Hemda Horowitch va mourir. Cette vieille femme qui s’éteint des suites d’une attaque cérébrale, comme une bougie que l’on souffle, a grandi dans un kibboutz où elle aima trop son père (qui le lui rendit mal) et ne vit pas assez sa mère. Elle vécut à Jérusalem, s’y maria sans conviction, y donna naissance à deux enfants, une fille et un garçon, Dina et Avner. Puisqu’il ne fut question dans sa vie que d’amour, de son absence au moins, elle les aima inégalement, offrant à l’un jusqu’à l’excès, ce qu’elle ne fit jamais que concéder avec parcimonie à l’autre : un regard tour à tour bienveillant, amoureux et possessif. Et dans la nuit où elle s’apprête à basculer, chacun, les vivants comme les morts, revient faire un dernier tour de piste pour tourmenter encore cet enfant qui ne sut ni vieillir ni aimer.
Hemda mettra à mourir bien de l’application et quelque quatre cents pages. C’est un tombeau de papier, magnifique et glaçant, en même temps qu’un concentré de colère, que lui offre l’une des plus accomplies romancières de ce temps. Tous ceux qui ont eu la chance de lire Vie amoureuse, Mari et femme ou Thèra (Gallimard, 2000, 2002 et 2007) savent que Zeruya Shalev est l’incontestable chef de file de la littérature israélienne contemporaine (avec sans doute, dans un registre plus "classiquement" romanesque, Eshkol Nevo). Elle le confirme avec cette leçon de ténèbres, ce magistral Ce qui reste de nos vies. Tour à tour, Hemda, du fond de sa chambre d’hôpital, Dina et Avner, à son chevet ou dans ce qui reste de leurs foyers respectifs, viennent y exposer leurs chagrins, leurs peurs et parfois, même si de façon ténue, leurs espoirs. Dina a trop aimé sa fille unique qui désormais adolescente, s’éloigne d’elle, n’a pas su retenir son mari. Avner est un avocat idéaliste défenseur de plus en plus sans illusions de la cohorte de laissés-pour-compte que génère la société israélienne. Et tandis que sa sœur se perd dans un rêve d’adoption et d’harmonie retrouvée, à l’hôpital, il rencontre une femme venue accompagner son amant mourant.

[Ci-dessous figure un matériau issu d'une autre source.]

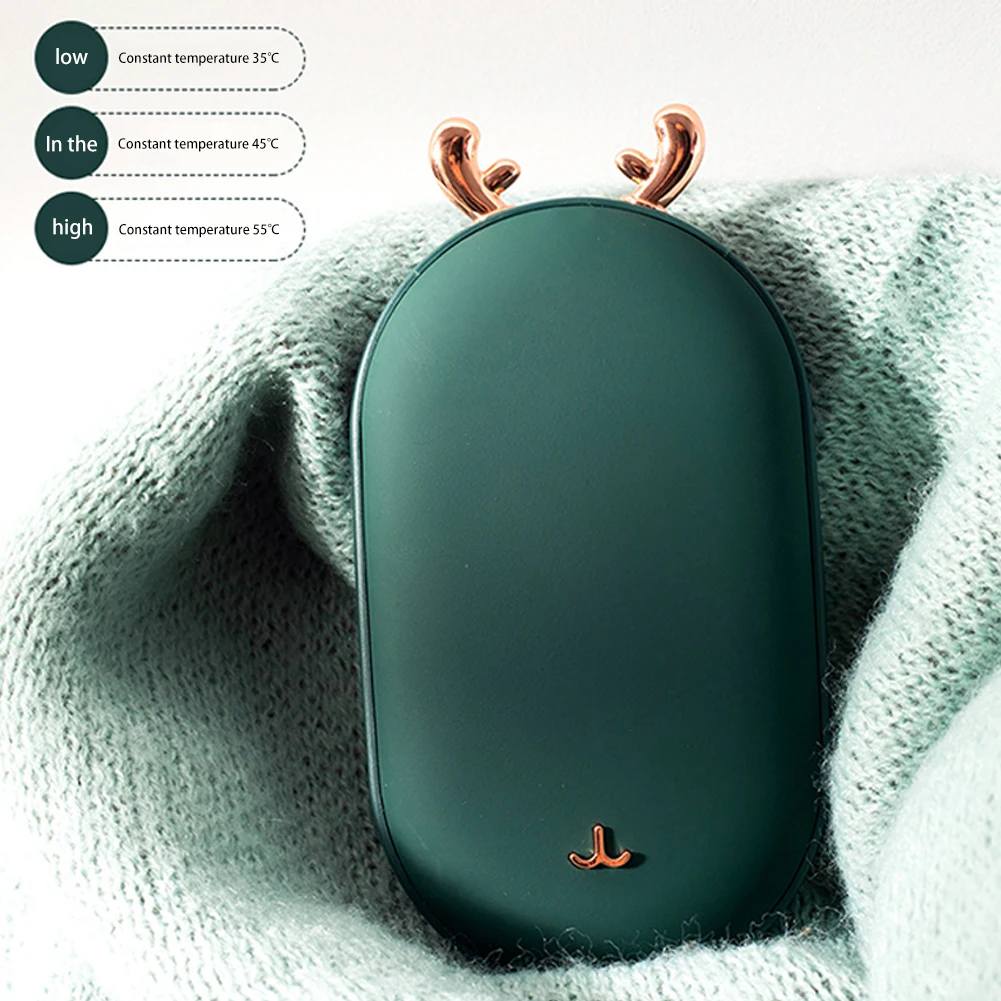 2 in 1 Electric Hand Warmer 5200mAh Power Bank Electric Pocket Heater Portable Hand Warmer Hunting Golf Camping Gear Warm Gifts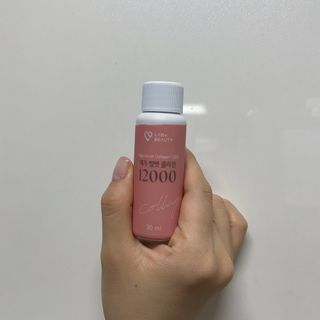 랩앤뷰티 메가 벨벳 콜라겐 12000 — 4점을 준 리뷰어가 2021년 5월 올린 사용 사진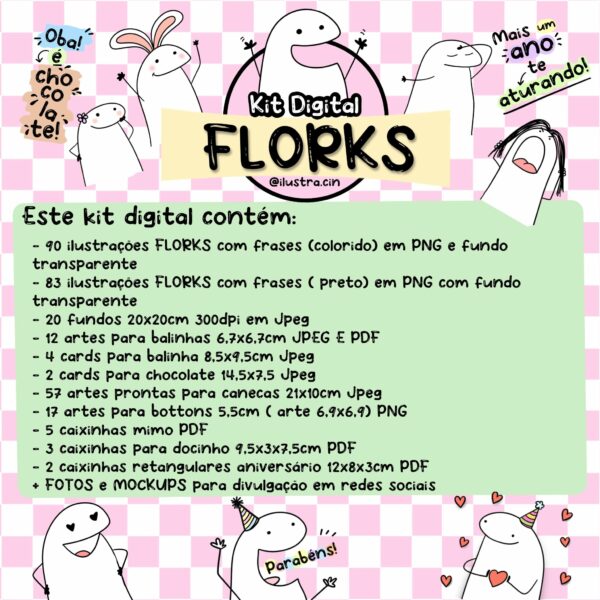 Kit Digital FLORKS - Memes e Signos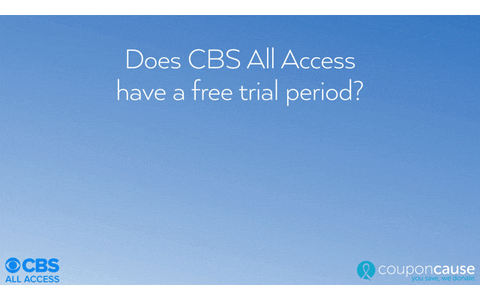 Cbs All Access Faq GIF by Coupon Cause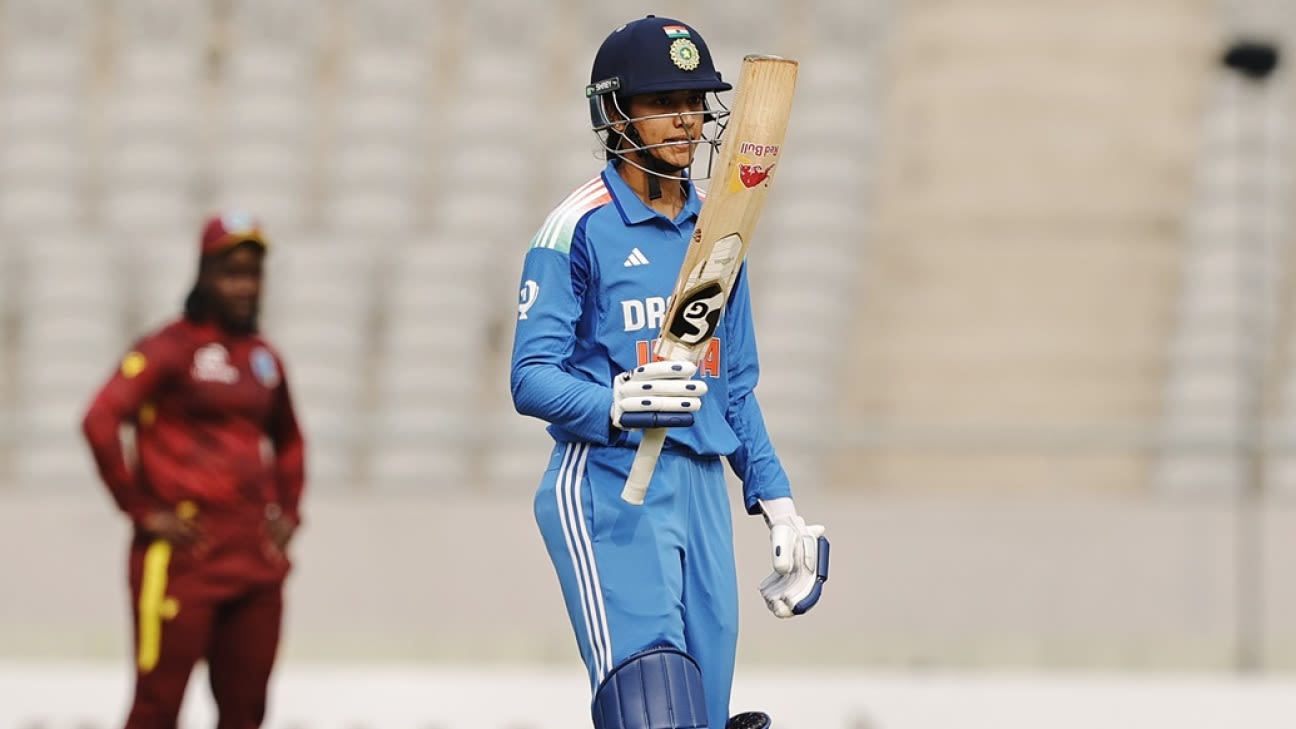 India ride on Mandhana’s 91 to finish on 314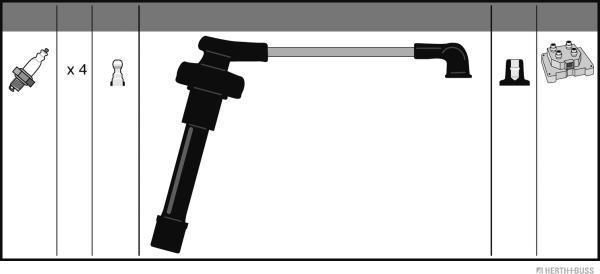 Herth+Buss Jakoparts J5384007 - Augstsprieguma vadu komplekts www.autospares.lv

Pas un instant Zeruya Shalev ne permet que retombe l’intensité de son récit, jamais non plus elle ne laisse le contexte sociopolitique de son pays le coloniser. Bien sûr, ces femmes aux prises avec la promesse non tenue du monde et de leurs vies peuvent être comprises comme autant de métaphores d’Israël. Pourtant, il est moins question de cela que, dans une langue ample et précise à la fois (servie par une traduction impeccable), de la lenteur des choses et des éclats d’épiphanie que donne toute existence. Sur la famille, la maternité, la dépossession de soi, ce livre magnifique offre une méditation funèbre. O. M.